In Duretz et al. (2010), we showed that, using the same rheological description, slab detachment can happen at various depths (40-400 km), leading to a wide range of geodynamic (eduction, plate decoupling, extension) and topographic evolution. These different end-members are related to the activation of different rheological mechanisms within the slab and therefore display different slab necking dynamics.
Schmalholz (2011) presents the application of an analytical solution of necking in a layer to slab detachment. This 1D solution can predict the necking in a layer of power-law fluid under its own buoyancy and is governed by the layer thickness, the necking time, and the stress exponent. We compile all our slab detachment data computed with the geodynamic code (I2VIS, Gerya and Yuen, 2003) and express it in terms of neck thickness versus necking time. We observe that our numerical data well reproduces the necking evolution predicted with the analytical solution.
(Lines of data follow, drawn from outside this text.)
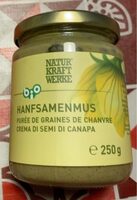 Purée de graines de chanvre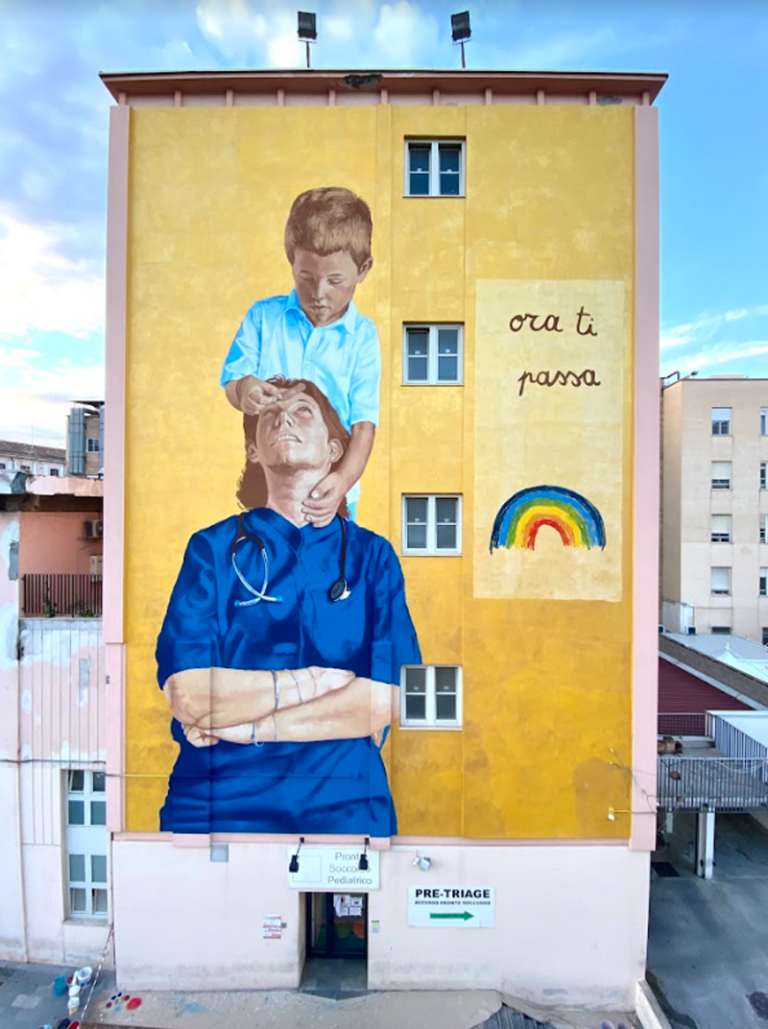 ‘Ora ti passa’: nuovo dipinto di Igor Scalisi Palminteri all’ospedale Di Cristina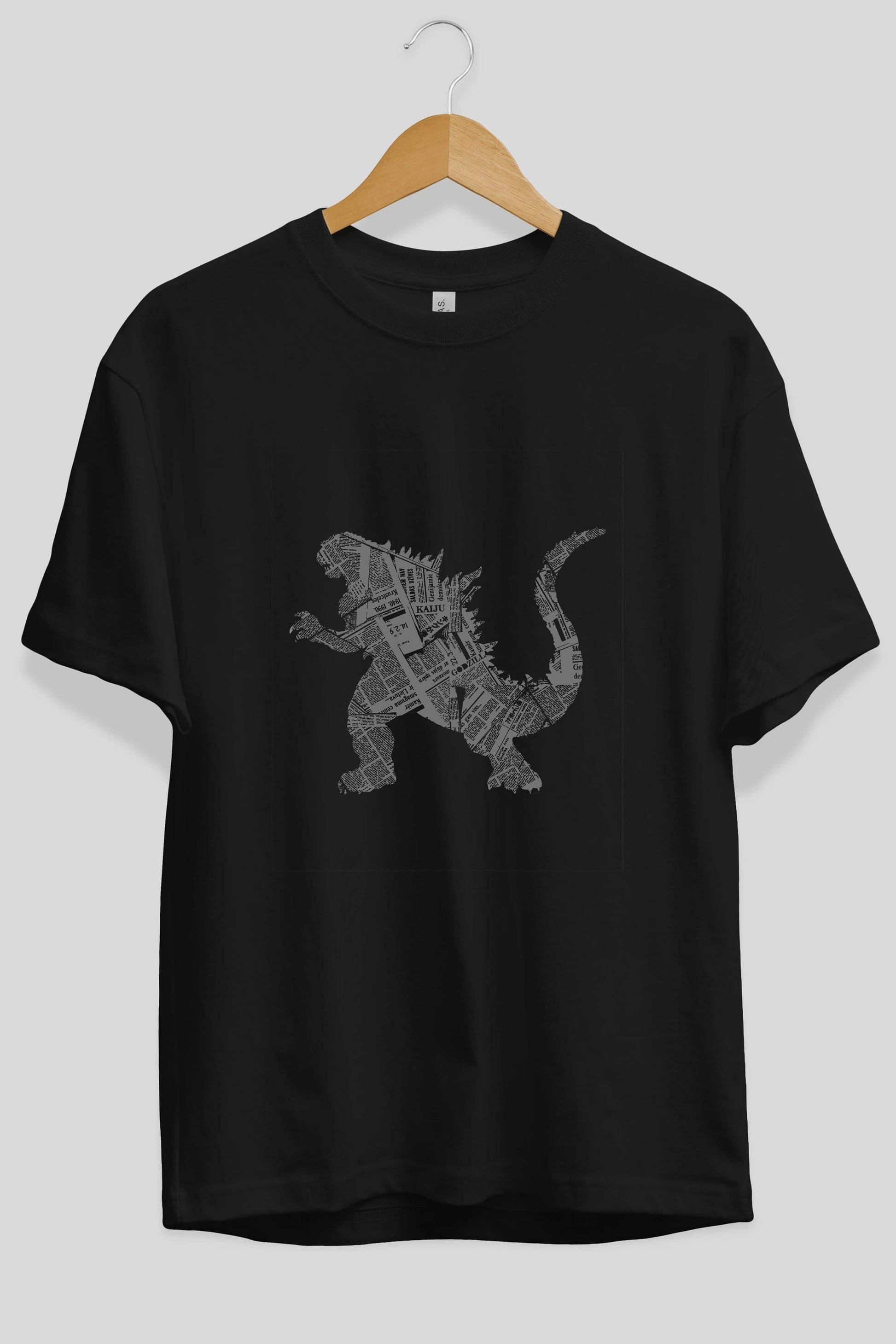 Kaiju Ön Baskılı Oversize t-shirt %100 pamuk Erkek Kadın Unisex
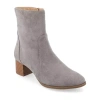 Journee Collection Womens Hayven Stacked Heel Booties In Gray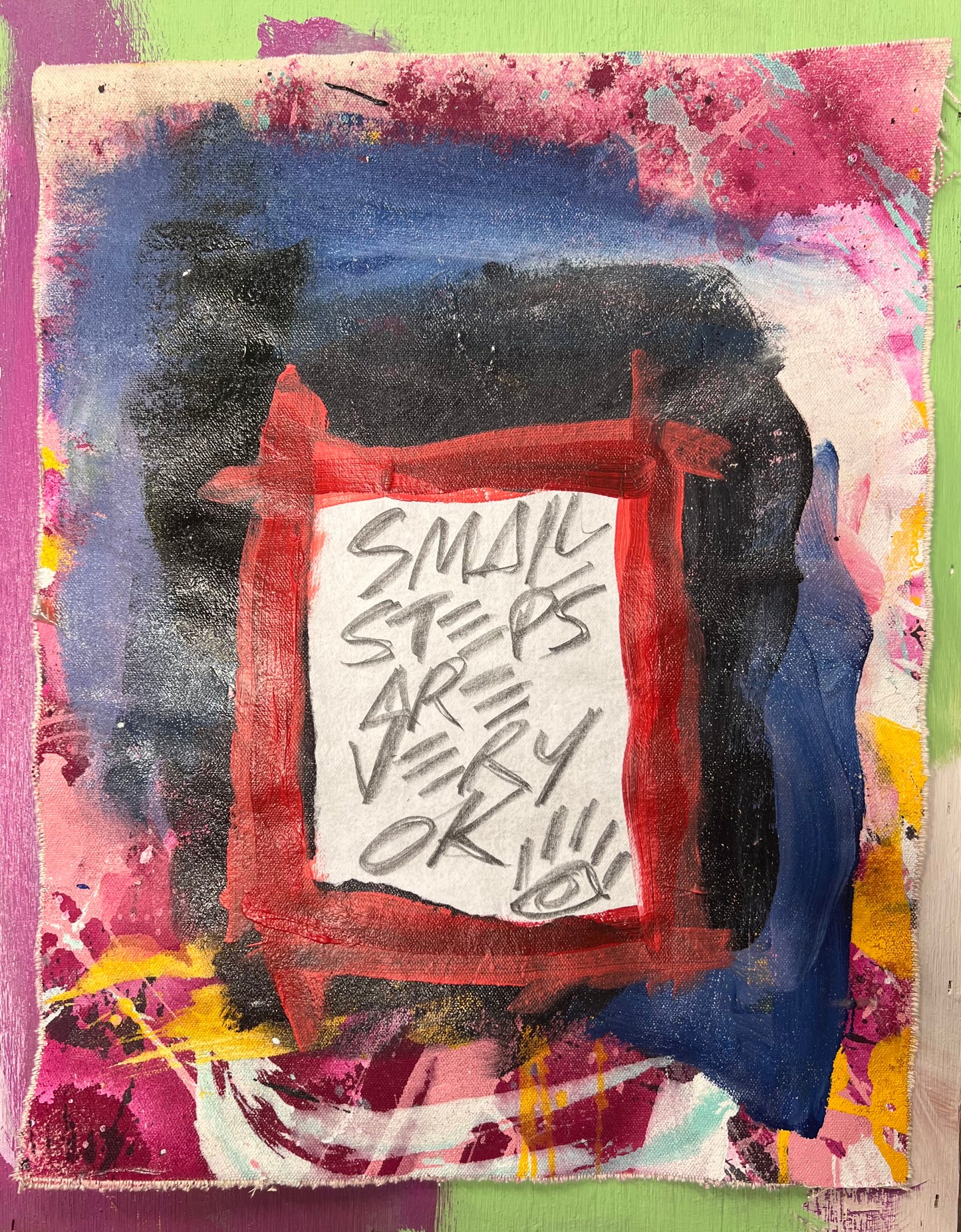 Small Steps Are Very Ok / Mantra Collage / March 2025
The modelled detachment events are characterized by a narrow range of characteristic necking time (0.8-2.5 My) despite the variety of rheological mechanism involved. We propose that a simple power law rheology, characterized by an effective stress exponent, may be use to describe the rheology of the slab during slab detachment.
Duretz, T., Gerya, T.V. and May, D.A., 2010. Numerical modelling of spontaneous slab breakoff and subsequent topographic response. Tectonophysics, in press (available online).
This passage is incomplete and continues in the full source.